Is Big Data More Important and More Useful Outside of the Analytical Data Stack?

Cloud adoption has been the catalyst for change

Cloud storage and computing have fuelled radical changes to the data architecture in the past 10 years. And this change coincided or catalyzed with data’s changing role in our lives.

Data has moved from inside business applications, into an entire Big Data pipeline on the cloud and, finally, into different, often SaaS-based, operational systems.

The analytical data stack led the way in Big Data, Data Visualisation tools were one of the first adopted en masse. For many companies, that was their Big Data strategy – BI tool attached to Data Lake or Data Warehouse. Analytical/explorational ETL layers were inserted in between, in addition to Data Marts. Slowly but surely these methods enabled the core of the Big Data stack to migrate to the cloud.

More recently, data and privacy regulations spurred those who hadn’t adopted Data Governance tools & processes into their stack, to management and awareness of data across the proliferating cloud-hosted tools. 

The modern big data stack is becoming more and more crucial

Data governance tools can help companies understand the whereabouts of their source data. But manually defining, indexing and data cataloging source data is a painstaking task that decays as soon as the, often mammoth, projects are completed. That’s why data teams have started to turn to AI and ML – asking machines to do the work, as it is the only practical, scalable answer. This has also occurred in the arena of master data management. At last, there has been a path to get from the vast cloud datasets to a reconciled single customer view, via automated SCV tools, such as Tamr. To achieve a single customer view, the varied and disparate data sets collected in the warehouse need to be joined to end up as useful inputs to the AI models, MI dashboards, or the SaaS tools where the operations of the business are now being conducted.

Operational activities such as sales, onboarding, and risk management have been migrated to the cloud applications, however, these processes often still rely on customer or product data, originating from legacy applications. As a result, the business intelligence tools and the operational SaaS systems, both rely on the data from the core of the business, from its legacy applications. But rather than connect to any of them directly, they are accessing data from these systems via an integration with the Big Data stack via ingestion, streaming, ETL, or Reverse ETL tools, from the data warehouse.

Therefore, we have evolved to enter the situation where both the functioning of the business and the comprehension of customers are reliant on the data pipelines, through the Big Data stack.

The quality of these pipelines is paramount to making sure that everything stays on track.

This is where Data Lineage comes in. Only with end-to-end integrations and automated tracking, can one have the complete picture and awareness with regard to all the data storage/movements.
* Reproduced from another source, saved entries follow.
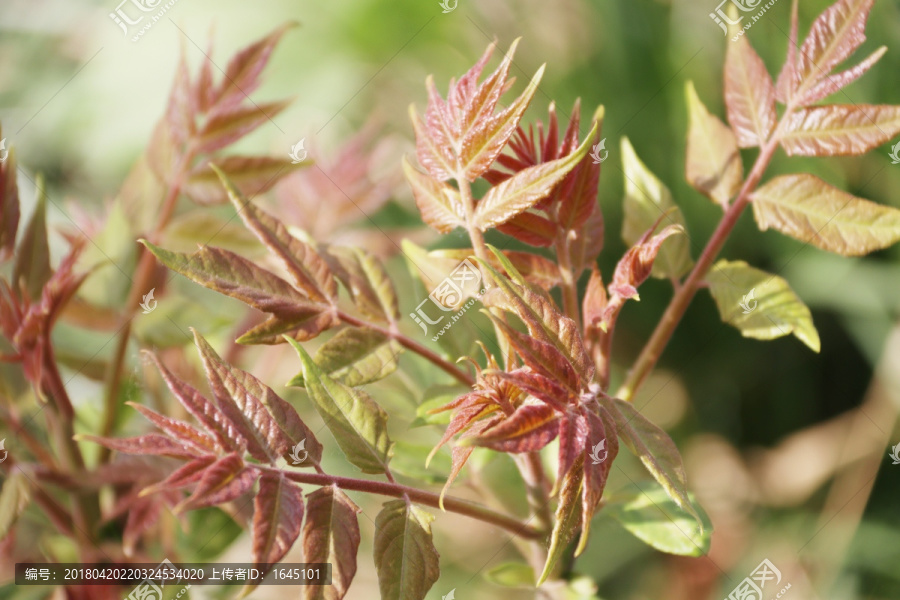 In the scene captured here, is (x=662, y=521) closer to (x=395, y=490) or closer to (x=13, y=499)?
(x=395, y=490)

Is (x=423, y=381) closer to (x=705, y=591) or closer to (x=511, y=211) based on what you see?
(x=511, y=211)

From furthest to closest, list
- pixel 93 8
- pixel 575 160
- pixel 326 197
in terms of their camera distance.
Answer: pixel 93 8 < pixel 326 197 < pixel 575 160

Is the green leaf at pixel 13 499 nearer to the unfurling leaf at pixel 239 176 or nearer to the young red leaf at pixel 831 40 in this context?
the unfurling leaf at pixel 239 176

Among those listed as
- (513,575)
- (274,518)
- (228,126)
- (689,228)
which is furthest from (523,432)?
(689,228)

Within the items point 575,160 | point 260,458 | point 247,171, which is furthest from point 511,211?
point 247,171

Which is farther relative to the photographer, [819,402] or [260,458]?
[819,402]

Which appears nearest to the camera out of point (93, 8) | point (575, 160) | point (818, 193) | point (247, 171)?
point (575, 160)

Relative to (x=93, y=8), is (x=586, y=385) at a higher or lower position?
lower

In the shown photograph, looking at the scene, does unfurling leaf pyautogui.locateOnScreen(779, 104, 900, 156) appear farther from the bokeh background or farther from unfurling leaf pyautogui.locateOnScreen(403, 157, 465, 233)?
the bokeh background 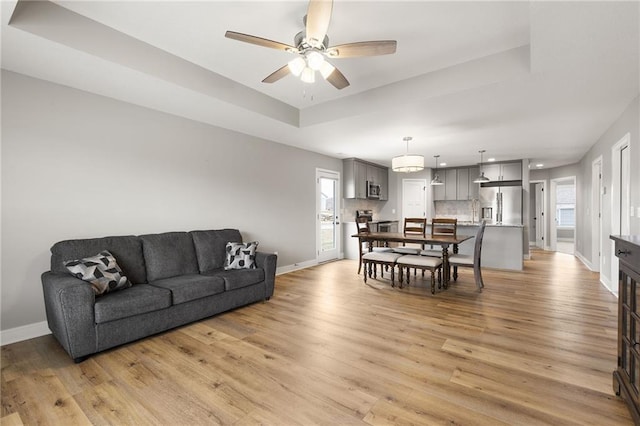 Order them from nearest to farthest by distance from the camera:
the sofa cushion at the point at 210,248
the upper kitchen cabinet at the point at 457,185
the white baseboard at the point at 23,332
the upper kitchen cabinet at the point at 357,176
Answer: the white baseboard at the point at 23,332 → the sofa cushion at the point at 210,248 → the upper kitchen cabinet at the point at 357,176 → the upper kitchen cabinet at the point at 457,185

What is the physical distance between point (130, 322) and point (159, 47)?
8.54ft

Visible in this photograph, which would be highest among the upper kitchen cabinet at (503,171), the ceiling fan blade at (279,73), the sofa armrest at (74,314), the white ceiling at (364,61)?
the white ceiling at (364,61)

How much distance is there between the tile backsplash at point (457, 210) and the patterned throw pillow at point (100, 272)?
27.0 ft

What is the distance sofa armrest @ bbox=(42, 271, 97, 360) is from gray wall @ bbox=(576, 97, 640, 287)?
553cm

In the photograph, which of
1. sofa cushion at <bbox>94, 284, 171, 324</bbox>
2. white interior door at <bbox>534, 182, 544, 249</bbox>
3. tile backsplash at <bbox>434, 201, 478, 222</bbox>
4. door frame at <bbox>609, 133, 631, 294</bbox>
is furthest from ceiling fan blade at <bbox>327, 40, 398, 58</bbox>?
white interior door at <bbox>534, 182, 544, 249</bbox>

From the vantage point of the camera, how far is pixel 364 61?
3033 millimetres

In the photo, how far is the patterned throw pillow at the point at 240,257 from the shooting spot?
12.5 feet

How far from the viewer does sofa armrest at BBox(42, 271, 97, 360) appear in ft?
7.57

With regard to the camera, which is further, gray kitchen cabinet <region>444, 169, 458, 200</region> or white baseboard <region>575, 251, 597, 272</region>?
gray kitchen cabinet <region>444, 169, 458, 200</region>

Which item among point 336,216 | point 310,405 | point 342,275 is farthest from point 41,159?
point 336,216

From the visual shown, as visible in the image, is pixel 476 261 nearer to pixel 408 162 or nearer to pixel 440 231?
pixel 440 231

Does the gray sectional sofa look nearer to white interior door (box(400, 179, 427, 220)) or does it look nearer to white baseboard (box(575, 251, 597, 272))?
white interior door (box(400, 179, 427, 220))

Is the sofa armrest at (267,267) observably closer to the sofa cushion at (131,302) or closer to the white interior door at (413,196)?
the sofa cushion at (131,302)

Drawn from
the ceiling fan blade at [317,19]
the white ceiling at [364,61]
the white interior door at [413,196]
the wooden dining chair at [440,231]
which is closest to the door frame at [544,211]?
the white interior door at [413,196] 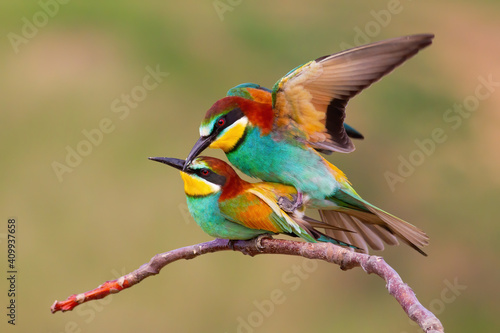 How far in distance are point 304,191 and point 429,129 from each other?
8.48ft

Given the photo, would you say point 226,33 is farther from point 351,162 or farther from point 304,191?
point 304,191

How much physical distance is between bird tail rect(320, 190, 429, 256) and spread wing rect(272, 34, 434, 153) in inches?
7.1

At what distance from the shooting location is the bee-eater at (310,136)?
5.45 ft

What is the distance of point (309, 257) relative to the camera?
54.7 inches

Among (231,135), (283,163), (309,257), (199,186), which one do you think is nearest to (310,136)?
(283,163)

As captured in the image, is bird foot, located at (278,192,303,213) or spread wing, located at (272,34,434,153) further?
bird foot, located at (278,192,303,213)

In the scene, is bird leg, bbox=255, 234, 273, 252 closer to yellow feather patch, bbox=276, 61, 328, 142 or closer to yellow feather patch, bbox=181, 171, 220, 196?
yellow feather patch, bbox=181, 171, 220, 196

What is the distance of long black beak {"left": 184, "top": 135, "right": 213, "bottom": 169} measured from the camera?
1646 millimetres

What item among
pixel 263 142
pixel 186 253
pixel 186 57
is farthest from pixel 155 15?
pixel 186 253

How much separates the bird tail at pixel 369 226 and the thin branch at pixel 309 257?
304 millimetres

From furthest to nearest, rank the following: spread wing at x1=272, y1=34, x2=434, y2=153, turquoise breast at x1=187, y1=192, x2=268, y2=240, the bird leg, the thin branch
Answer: turquoise breast at x1=187, y1=192, x2=268, y2=240
the bird leg
spread wing at x1=272, y1=34, x2=434, y2=153
the thin branch

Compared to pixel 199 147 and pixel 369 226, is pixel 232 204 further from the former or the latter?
pixel 369 226

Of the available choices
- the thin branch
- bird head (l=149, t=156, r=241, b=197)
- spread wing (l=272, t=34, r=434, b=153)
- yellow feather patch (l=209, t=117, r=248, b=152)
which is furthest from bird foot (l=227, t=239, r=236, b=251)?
spread wing (l=272, t=34, r=434, b=153)

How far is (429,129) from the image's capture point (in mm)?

Previously, automated Data Lineage has focused on the analytical side of the Big Data stack, just as it’s been more common for an automated Single Customer View to be focused on the same – use cases in reporting and analytical applications. 
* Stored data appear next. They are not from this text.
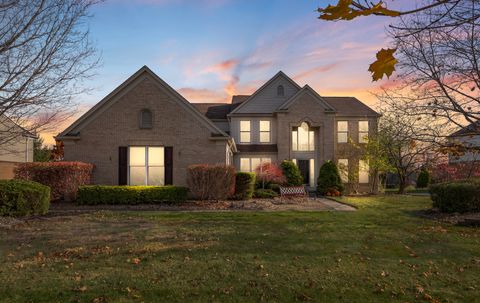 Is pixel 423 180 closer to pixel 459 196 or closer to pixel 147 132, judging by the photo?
pixel 459 196

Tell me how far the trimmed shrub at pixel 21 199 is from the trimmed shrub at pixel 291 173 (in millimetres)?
16362

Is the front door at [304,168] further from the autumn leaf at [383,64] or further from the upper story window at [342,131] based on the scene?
the autumn leaf at [383,64]

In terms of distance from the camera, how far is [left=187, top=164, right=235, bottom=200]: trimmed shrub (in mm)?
19031

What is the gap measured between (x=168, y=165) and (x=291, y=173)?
9.32 m

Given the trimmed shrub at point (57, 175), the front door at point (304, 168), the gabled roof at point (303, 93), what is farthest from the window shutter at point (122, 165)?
the front door at point (304, 168)

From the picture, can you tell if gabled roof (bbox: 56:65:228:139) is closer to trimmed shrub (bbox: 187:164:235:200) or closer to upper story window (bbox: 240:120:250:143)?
trimmed shrub (bbox: 187:164:235:200)

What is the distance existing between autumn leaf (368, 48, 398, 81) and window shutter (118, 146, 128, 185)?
805 inches

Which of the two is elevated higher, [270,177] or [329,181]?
[270,177]

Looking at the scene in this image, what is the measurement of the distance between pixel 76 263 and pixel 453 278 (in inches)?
257

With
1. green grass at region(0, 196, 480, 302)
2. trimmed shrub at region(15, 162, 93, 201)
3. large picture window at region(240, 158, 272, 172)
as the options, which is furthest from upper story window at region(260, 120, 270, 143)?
green grass at region(0, 196, 480, 302)

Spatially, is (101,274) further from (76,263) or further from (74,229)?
(74,229)

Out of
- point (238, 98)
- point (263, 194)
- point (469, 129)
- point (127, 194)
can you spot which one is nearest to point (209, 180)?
point (127, 194)

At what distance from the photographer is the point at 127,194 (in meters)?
18.7

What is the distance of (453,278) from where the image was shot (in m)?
6.40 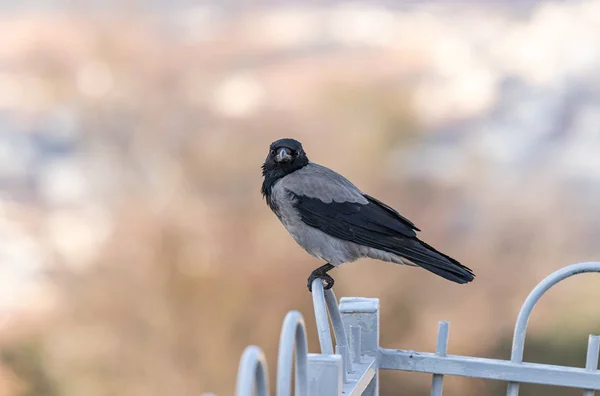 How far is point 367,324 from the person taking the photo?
6.82 feet

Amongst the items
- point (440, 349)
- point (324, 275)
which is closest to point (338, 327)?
point (440, 349)

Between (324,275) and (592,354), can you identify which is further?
(324,275)

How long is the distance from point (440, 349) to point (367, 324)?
0.22 metres

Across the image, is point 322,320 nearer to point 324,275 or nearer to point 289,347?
point 289,347

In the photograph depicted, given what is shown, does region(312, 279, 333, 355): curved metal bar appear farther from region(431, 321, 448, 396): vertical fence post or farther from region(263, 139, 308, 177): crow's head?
region(263, 139, 308, 177): crow's head

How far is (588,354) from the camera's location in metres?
1.99

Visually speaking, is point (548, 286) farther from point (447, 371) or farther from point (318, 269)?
point (318, 269)

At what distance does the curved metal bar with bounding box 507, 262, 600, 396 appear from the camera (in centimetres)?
195

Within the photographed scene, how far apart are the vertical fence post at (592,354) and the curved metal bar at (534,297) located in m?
0.18

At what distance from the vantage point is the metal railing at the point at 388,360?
1622 millimetres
But as operational use cases have helped to deliver on the promise of Big Data in many businesses, bringing it to life; so operational use cases for automated Lineage and Single Customer View have the potential to add the most value for these tools, while reducing risk for businesses.

Figure 1 – Emerging Architectures for Modern Data Infrastructure

Operational Data Lakes have enabled the consolidation of a myriad of data from inside and outside the business, to offer more context than ever before in near real-time, and surface that business context within AI models and operational systems. With the help of automated Data Mastering, it is possible that Single Customer View intelligence may need to extend across all of the pipelines of ingestion if no common unique identifier exists, which is often the case when dealing with third-party data. And similarly, Data Lineage could extend across these API feeds too, beyond the ETL, warehouse, and BI tools, to give a round sense of the data flowing into the architecture.
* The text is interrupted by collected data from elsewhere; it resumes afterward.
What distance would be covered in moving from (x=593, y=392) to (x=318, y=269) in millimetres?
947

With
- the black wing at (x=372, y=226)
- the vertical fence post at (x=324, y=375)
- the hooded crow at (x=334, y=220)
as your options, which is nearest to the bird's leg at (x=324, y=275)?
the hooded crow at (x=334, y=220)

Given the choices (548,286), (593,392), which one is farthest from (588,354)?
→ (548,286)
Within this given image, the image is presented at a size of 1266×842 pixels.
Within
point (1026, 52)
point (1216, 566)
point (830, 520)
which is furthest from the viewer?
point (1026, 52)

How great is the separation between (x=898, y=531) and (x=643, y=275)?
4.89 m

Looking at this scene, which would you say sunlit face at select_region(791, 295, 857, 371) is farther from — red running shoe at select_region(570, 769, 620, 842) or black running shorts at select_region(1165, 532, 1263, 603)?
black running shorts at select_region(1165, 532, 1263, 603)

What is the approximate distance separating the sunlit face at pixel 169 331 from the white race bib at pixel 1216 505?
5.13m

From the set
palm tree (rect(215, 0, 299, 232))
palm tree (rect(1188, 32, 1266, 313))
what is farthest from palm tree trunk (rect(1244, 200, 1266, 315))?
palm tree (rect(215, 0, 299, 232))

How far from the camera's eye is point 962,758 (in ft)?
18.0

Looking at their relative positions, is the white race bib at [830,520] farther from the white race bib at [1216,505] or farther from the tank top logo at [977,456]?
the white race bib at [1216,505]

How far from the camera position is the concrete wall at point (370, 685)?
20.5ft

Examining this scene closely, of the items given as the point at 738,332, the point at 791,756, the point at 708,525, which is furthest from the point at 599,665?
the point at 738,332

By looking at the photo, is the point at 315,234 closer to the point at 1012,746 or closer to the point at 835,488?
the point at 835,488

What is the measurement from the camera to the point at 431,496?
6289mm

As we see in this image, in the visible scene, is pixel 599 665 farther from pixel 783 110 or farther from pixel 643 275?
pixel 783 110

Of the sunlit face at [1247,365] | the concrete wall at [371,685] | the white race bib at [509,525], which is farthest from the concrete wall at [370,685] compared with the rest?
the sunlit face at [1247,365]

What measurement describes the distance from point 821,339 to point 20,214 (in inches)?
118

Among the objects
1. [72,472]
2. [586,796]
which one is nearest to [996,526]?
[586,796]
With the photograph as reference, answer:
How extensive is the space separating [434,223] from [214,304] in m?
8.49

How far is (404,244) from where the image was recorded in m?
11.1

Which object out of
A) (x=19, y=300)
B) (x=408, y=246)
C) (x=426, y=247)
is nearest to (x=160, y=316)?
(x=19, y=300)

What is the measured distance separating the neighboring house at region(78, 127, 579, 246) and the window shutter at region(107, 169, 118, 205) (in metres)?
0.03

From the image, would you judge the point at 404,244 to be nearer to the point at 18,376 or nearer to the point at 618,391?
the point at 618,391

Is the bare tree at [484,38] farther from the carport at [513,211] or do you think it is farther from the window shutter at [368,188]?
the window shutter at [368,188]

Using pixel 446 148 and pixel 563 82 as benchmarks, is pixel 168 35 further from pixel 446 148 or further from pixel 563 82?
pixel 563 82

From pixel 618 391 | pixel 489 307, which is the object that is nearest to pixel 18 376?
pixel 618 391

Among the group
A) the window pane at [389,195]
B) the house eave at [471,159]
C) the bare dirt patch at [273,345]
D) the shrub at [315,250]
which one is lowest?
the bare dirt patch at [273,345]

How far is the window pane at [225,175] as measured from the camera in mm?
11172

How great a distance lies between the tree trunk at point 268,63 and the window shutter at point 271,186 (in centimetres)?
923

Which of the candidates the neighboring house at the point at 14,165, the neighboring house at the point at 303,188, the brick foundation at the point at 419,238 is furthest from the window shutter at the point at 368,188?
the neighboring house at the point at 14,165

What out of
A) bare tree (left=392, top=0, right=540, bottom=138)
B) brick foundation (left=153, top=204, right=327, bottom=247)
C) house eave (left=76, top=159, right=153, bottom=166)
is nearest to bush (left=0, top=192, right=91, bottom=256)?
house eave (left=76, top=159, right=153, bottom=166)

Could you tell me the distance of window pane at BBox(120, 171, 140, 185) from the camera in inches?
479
The consolidation of data in operational systems has begun to create new data-orientated products in many businesses, in addition to facilitating more efficient traditional business operations. CIOs / CDOs and COOs should be having sleepless nights if they don’t know how their pipelines work, where GDPR data occurs across the pipeline, how the pipeline changes are made, how robust they are and, if individual jobs in the pipelines fail, how is the business alerted. It’s true to say that even backups are at risk if you can’t rely on the pipeline feeding into that operational system the day the backup was taken unless you have visibility and knowledge of its setup and run correctly from Data Lineage.

Erroneous changes to the API orchestration platform or to the Warehouse / Lake, or in the ETL / Reverse ETL tools could create issues in the data pipelines which could cause a Single Customer View to be inaccurate, could stop an AI model or a dashboard, and even worse, could cause an operational system to malfunction altogether. Automated impact analysis in Data Lineage tools is designed to help prevent these issues when Data engineers make changes in the pipeline.

Just like with software, if a business runs on and relies on data, then it will need to make sure any changes to the Big Data stack are verified and regulatory compliant, before they are implemented! 

Conclusion

Big Data is now employed across every part of a business and has truly become the raw material of our time. If your Big Data stack fails to feed your AI, SCV or operational systems, it could become one of the most important continuity challenges you might face. The same probably can not be said for your CEO’s dashboard, despite how much he/she may like it! Therefore, my advice would be to treat and manage your Big Data stack and its pipelines with, as much respect, care, and attention, as you can.